Between the realm of the Dead and the journeys of the Living, join Josh, Jamey, and Aleca as they delve into the vast world of the Paranormal and breathe life back into the History of the departed.

© 2026 Paranormal Peeps
Social Sciences World
Episodes
  • A Haunted South Carolina Plantation With Civil War Scars
    May 1 2026

    A quiet dirt road, a beautiful old house, and a history that refuses to stay buried. We head to Fonti Flora Plantation in Blair, South Carolina, where even the basic facts feel unsettled, including conflicting accounts of when the home was built and why so many sources disagree. From there, the story opens into a classic haunted plantation timeline: enormous acreage tied to a dowry, generational losses that literally gamble the land away, and Civil War damage that still leaves physical scars, including a fire started in the parlor and reports of charred walls hidden behind furniture.

    We also talk through the deeper layers that make paranormal locations feel heavy: arrowheads turning up after rainstorms that hint at Indigenous history, family members dying inside the home across decades, and the sad disappearance of stillborn grave markers that once stood near the house. We don’t skip the hard topics either. Plantation history always includes slavery, and we wrestle with what it means to hear claims of “better treatment,” how oral histories shape what survives, and what’s left undocumented.

    Then the haunting claims take over.
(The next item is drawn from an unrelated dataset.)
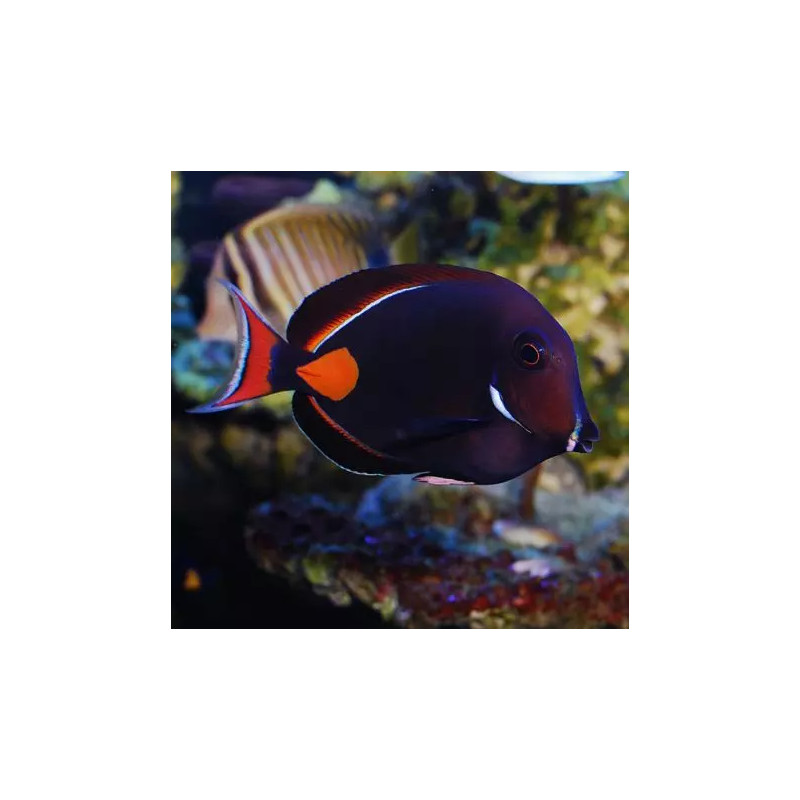 Acanthurus Achilles : 7-9 cm*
We share reports of a violin playing in the attic that stops the moment someone approaches, doors pulled shut from the other side, and a documentary investigation that leans on familiar paranormal investigation tools like EVPs, a spirit box, and SLS mapping. The most unsettling turn is the Hat Man conversation, including our take that this presence may be personal and targeted rather than tied to a single haunted location. If you’re into haunted history, ghost hunting evidence, and the psychology of fear, you’ll have plenty to chew on.
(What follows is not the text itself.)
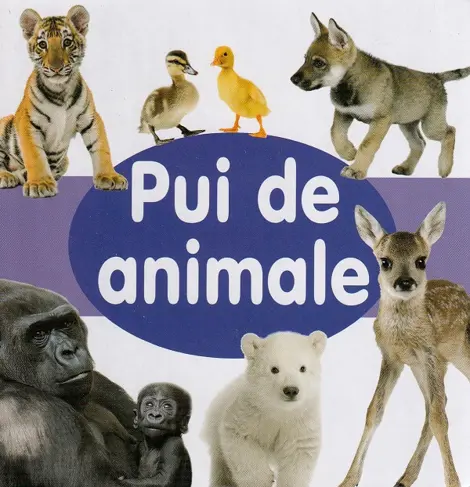 Pui de animale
    Subscribe for more paranormal stories, share this with the friend who can’t resist a haunted house documentary, and leave a review if you want us to cover more haunted plantations and investigations. What’s your read on Fonti Flora: lingering history, smart tech making patterns, or something that’s actually there?

    Thank you for listening to the Paranormal Peeps Podcast. Check us out on Facebook Paranormal Peeps Podcast or Coldspot Paranormal Research and on Instagram coldspot_paranormal_research

    Support the show

    Show More Show Less
    43 mins
  • A Mountain, A Myth, And The People Who May Still Live Beneath It
    Apr 17 2026

    A volcano can be measured by seismographs; a legend needs a different kind of instrument. We head to Mount Shasta, the California peak that has inspired a century of reports about Lemurians, hidden cities, lenticular “cloaks,” and startling disappearances—and we ask what holds up when the fog of myth lifts.
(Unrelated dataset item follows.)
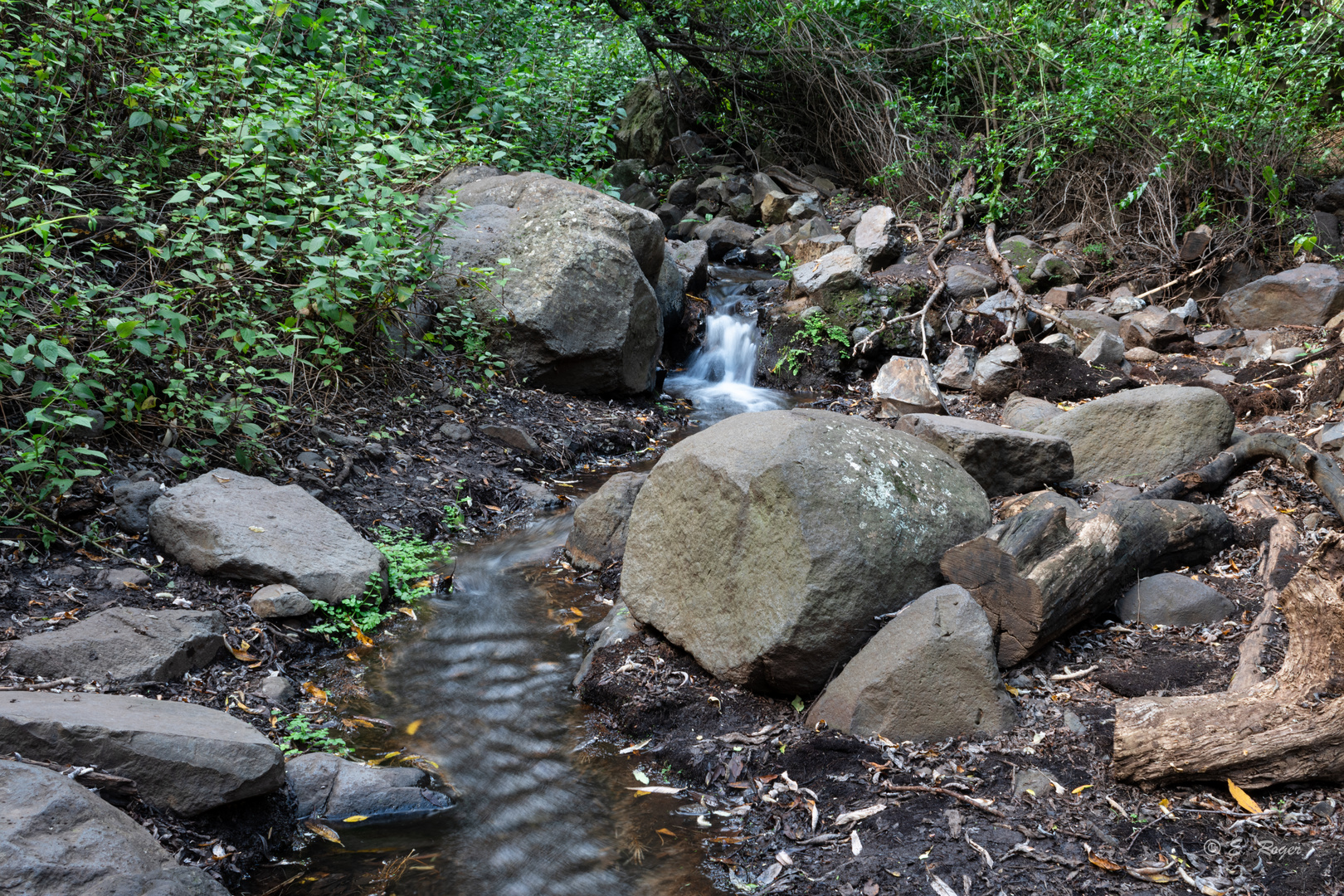 Barranco de los cernícalos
    We start with the bold map laid down by researcher Wishar S. Survey, who argued that an ancient continent called Lemuria (Mu) shattered under colossal forces, leaving Mount Shasta as a final sanctuary for survivors. From there, we track the threads: early channelers describing polished halls and giant-cut tunnels, 1930s accounts of tall robed patrons buying sulfur and salt with oversized gold nuggets, and the enduring tale of prospector JC Brown, who claimed to find an 11‑mile passage to an underground city, only to vanish before leading an expedition back.

    The mystery gains its edge in the open air. We revisit the baffling disappearance of marathoner Carl Landers between two visible points on a bright snowfield, and the “Missing Boy” who reappeared miles away with a calm story of “others” in a room of light. Then we press into the practices of modern seekers: requesting permission at Bunny Flat, watching for lenticular clouds, maintaining silence at supposed portals, and treating crystal grooves as “barcodes” for a library of light. Skeptical? So are we—so we bring geology, EMF, and the psychology of high-altitude perception into the conversation to explore how energy, environment, and expectation interact on a mountain famous for missing time.

    By the end, Shasta stands as more than a stage for giants and gold. It’s a mirror that reflects what we bring: faith, curiosity, doubt, and the need to make sense of the unexplainable. Whether you file Telos under folklore or frontier, you’ll leave with sharper questions—and a new respect for how a single peak can organize a century of wonder.

    If this journey sparked a thought, share the episode with a friend, leave us a review, and hit follow so you never miss our next deep dive. What’s your take: geological powerhouse, interdimensional doorway, or both?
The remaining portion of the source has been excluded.